Even DeLay's Replacement is Questionable

Let me just echo Unfogged, and say that I hope Texas Attorney General Ronnie Earle really has the goods on Tom DeLay. From the charges that have been filed, and the arcane structure of campaign finance law, I'm not really convinced that there's a very strong case there. They have to prove not just that money changed hands, but that DeLay knew the diversion of corporate campaign contributions to the RNC was designed to circumvent state law. Tall order.

Meanwhile, I'm surprised that the person chosen to replace DeLay as Majority Leader in the House, Roy Blunt, is being investigated for ethics charges himself.

As he worked to unite the party and turn its attention back to the legislative agenda, Rep.
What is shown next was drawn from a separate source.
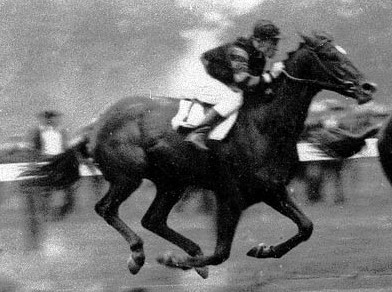 image Le record de 1920 de Man Oâ€™War tient toujours !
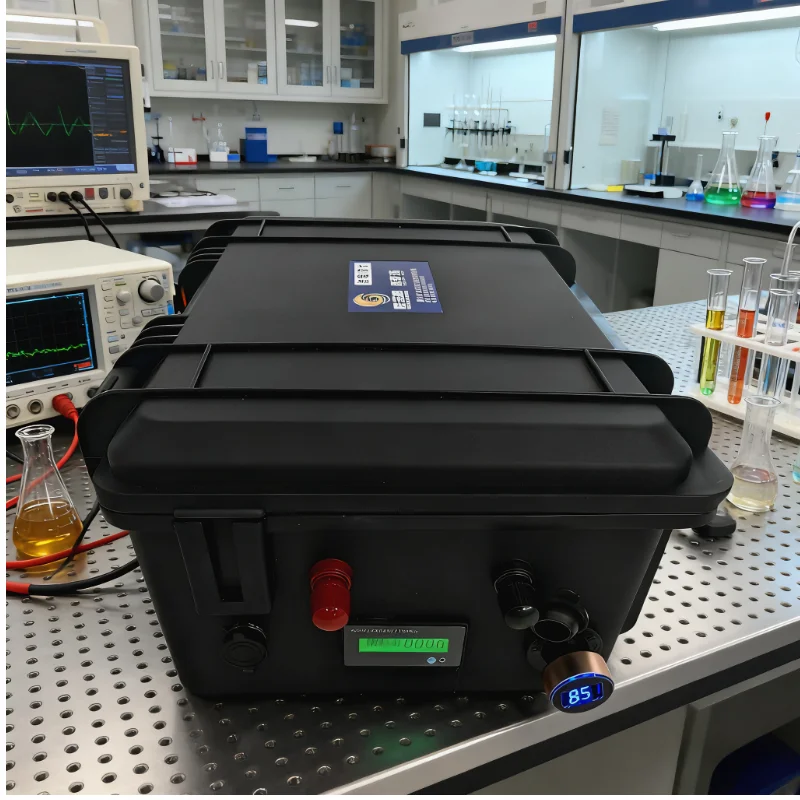 Lifepo4 Lithium Iron Phosphate - Lifepo4 12V 100Ah Bms Bluetooth 评论和价格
Roy Blunt of Missouri, DeLay's successor as majority leader, faced ethics questions himself.

Records on file with the Federal Election Commission show that since 2003, Blunt's political action committee has paid $94,000 in salary to the consulting firm of Jim Ellis, a longtime associate of DeLay. Ellis has been indicted in the same case as DeLay, for allegedly conspiring to illegally influence the outcome of Texas legislative elections by channeling corporate money to Republican candidates.

Congressional watchdog groups and Democrats pointed to Blunt's employment of Ellis' firm, J.W. Ellis Co., as evidence of what they said is an atmosphere of corruption on Capitol Hill.

It's not even a separate case! What, exactly, are the Republicans thinking?

(Another sign of life in autumn: the start of a juicy new political cycle.)